Consul is a service discovery/service mesh tool. With this tool, we can register services to make them discoverable from anywhere in a datacenter. We can monitor our services (Health checking), store their configuration (Key-Value store) and create connections between services (Service Mesh with Consul Connect). This is the tool we are going to install.

What is Packer ?

Packer is a tool to create easily and automatically machine images. We will use this tool to create an “out of the box” image that contains a configured Consul server ready to run.

What is Ansible ?

Ansible is an IT automation tool. With this tool we can automate software deployments and system configuration. We will use it to provision the Packer image with the installation of Consul along with its configuration.

What is Terraform ?

Terraform is an Infrastructure as Code tool. With this tool, we can quickly create and manage a cloud infrastructure on different cloud providers like GCP, Azure or AWS. We will use it to actually create instances with Consul installed and ready to join the cluster.

Architecture overview

Here is an illustration of Consul’s architecture :

Consul Architecture

As you can see, there are two types of Nodes in a cluster : Servers and Clients. Servers manage the cluster’s state and data. Clients run alongside with services and register them in the cluster.

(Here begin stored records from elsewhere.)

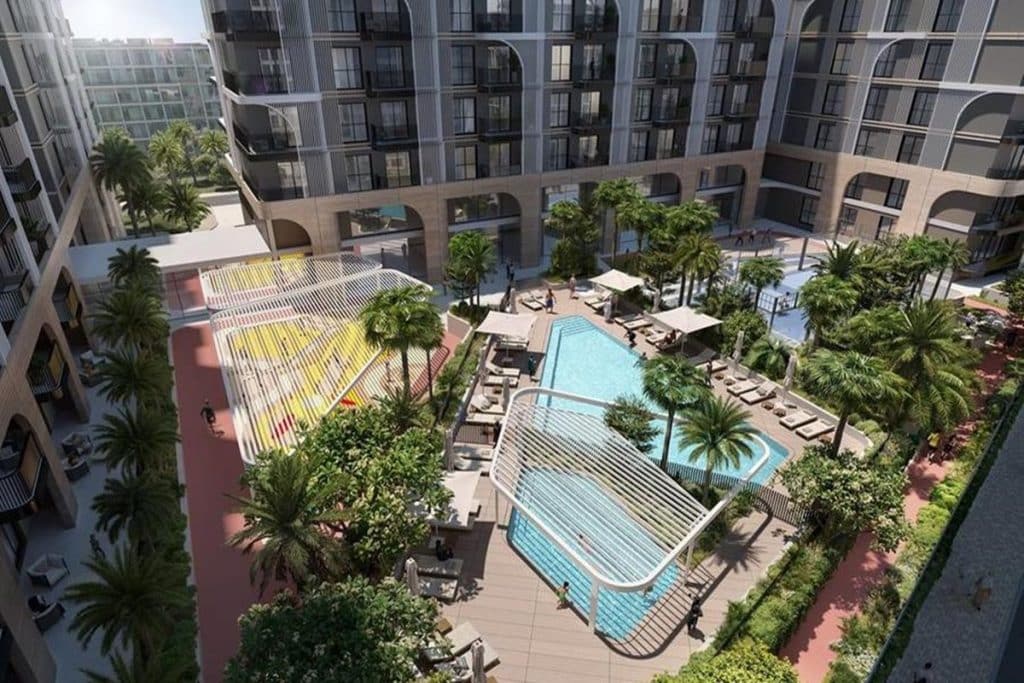 Nouran Living abu dhabi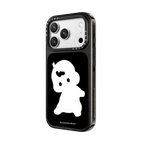 Baby is me | iPhone 18 Pro Max / Impact Case MagSafe Compatible - Glossy / Glossy Black | Image 2
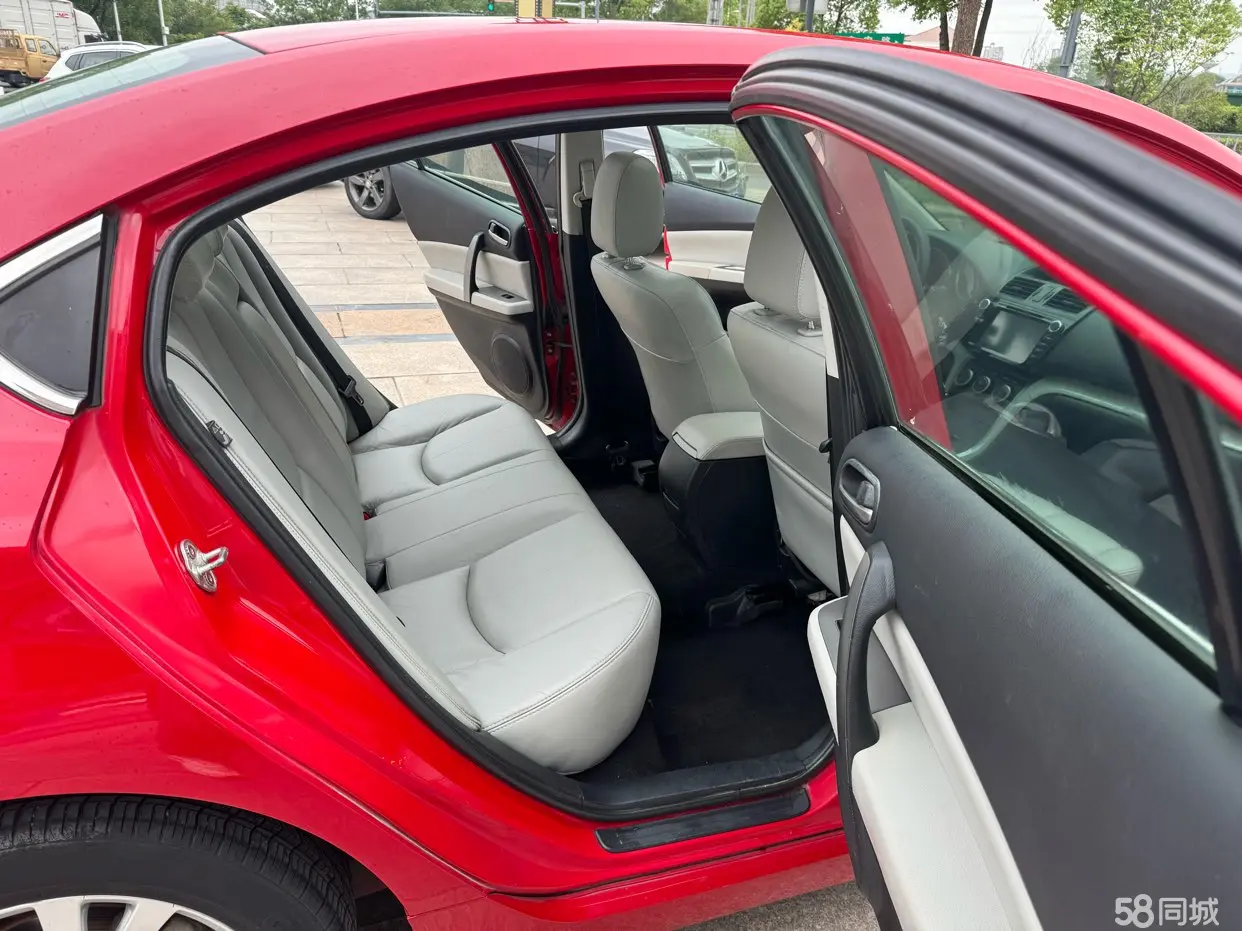 马自达 马自达CX-9 2010 汽车图片 #13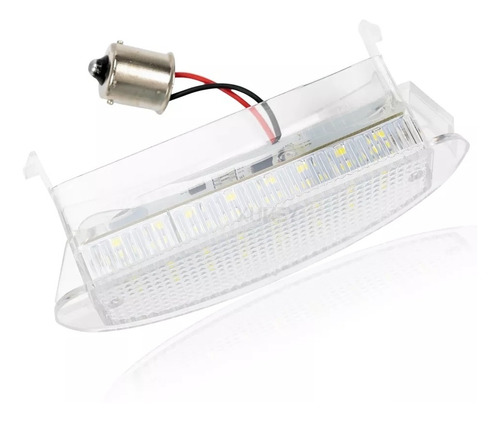 Luz Placa Led Renault Twingo Y Clio Mk2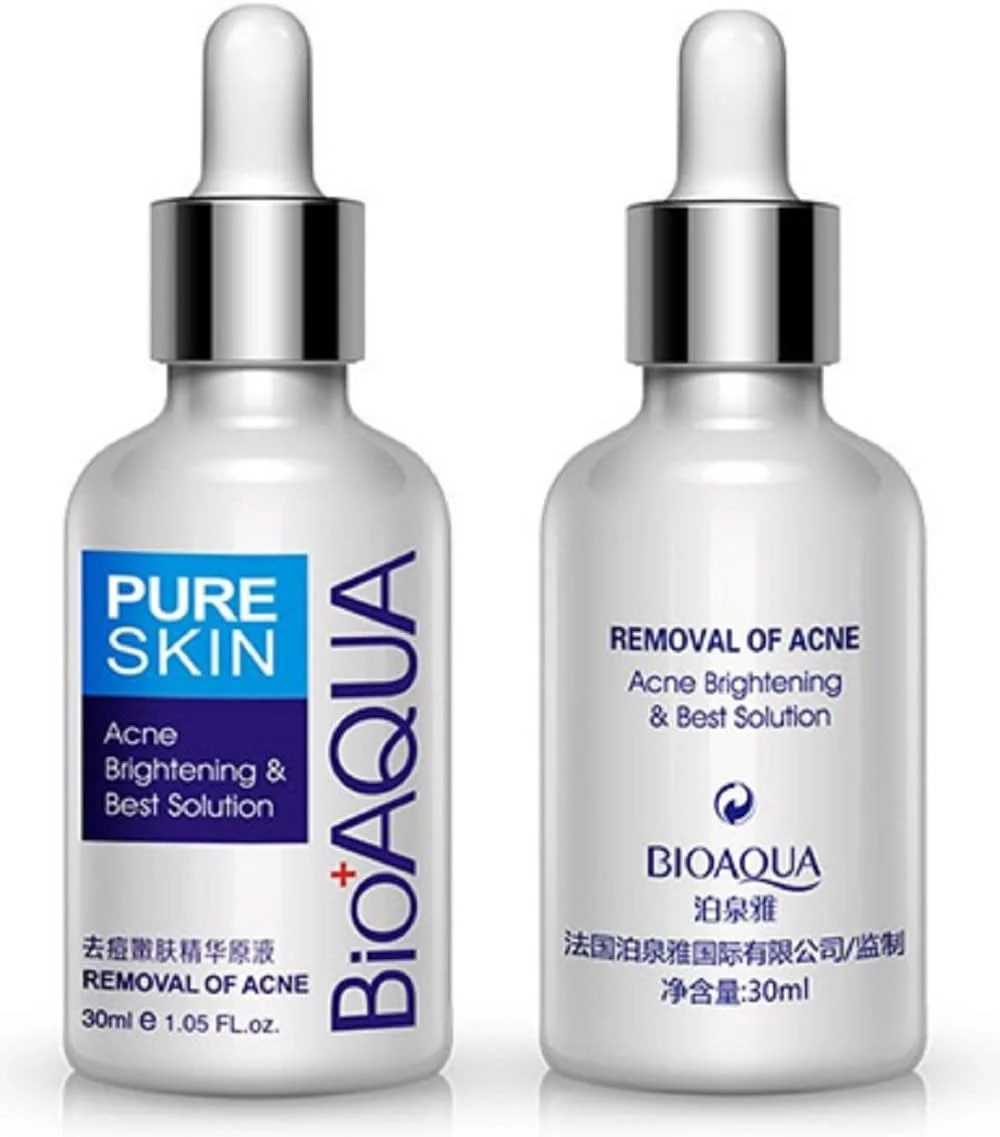 سرم مراقبت از پوست صورت BIOAQUA Pure Skin (30ml)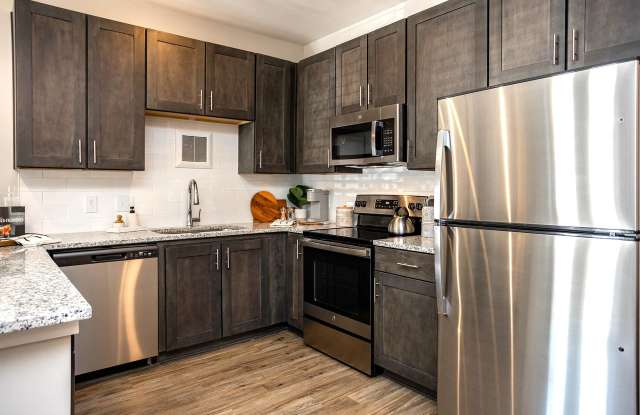 Vintage Cleveland Apartments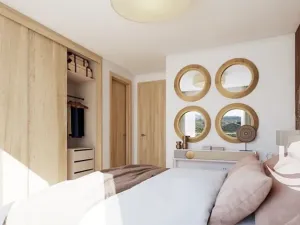 Prodej bytu 4+kk, Mijas, Španělsko, 110 m2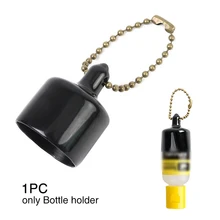 Резиновые поплавки, инструменты, спортивные вешалки, прочный держатель для бутылки, принадлежности для ловли нахлыстом, аксессуары для снастей на открытом воздухе, практичное снаряжение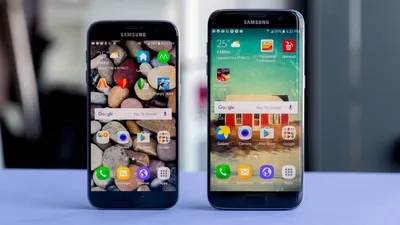 Samsung Galaxy S7 edge Review - YouTube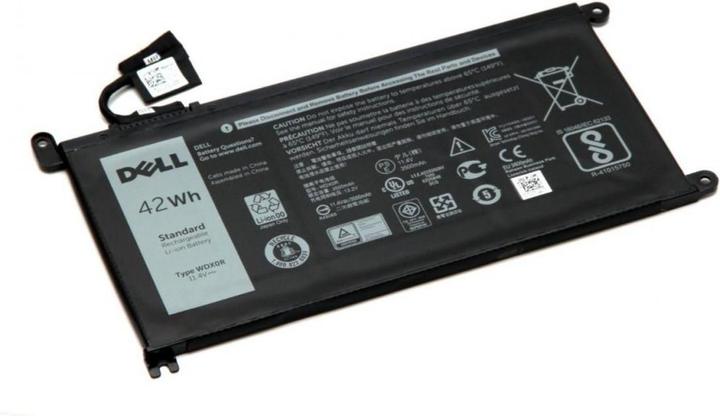 Actual product image Dell FW8KR (3 Cells)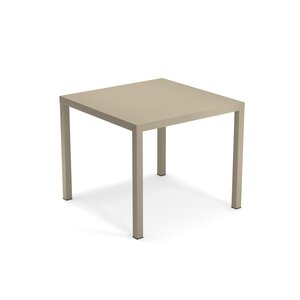 Emu Tuintafel Nova 90 x 90 - Taupe 71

For this article, we will focus only on the Consul servers part. The installation and configuration is almost the same for Consul clients.

Consul servers use the following protocols :

To make a cluster, nodes must join each other either manually or automatically.

Goal

Starting from scratch, the goal is to quickly instantiate a Consul cluster with the number of nodes of our choice. To do that, we will split our installation in two parts :

  • Creation of the consul image (Packer/Ansible).
  • Instantiation of our cluster (Terraform).

The cloud provider I chose to show you this method is GCP.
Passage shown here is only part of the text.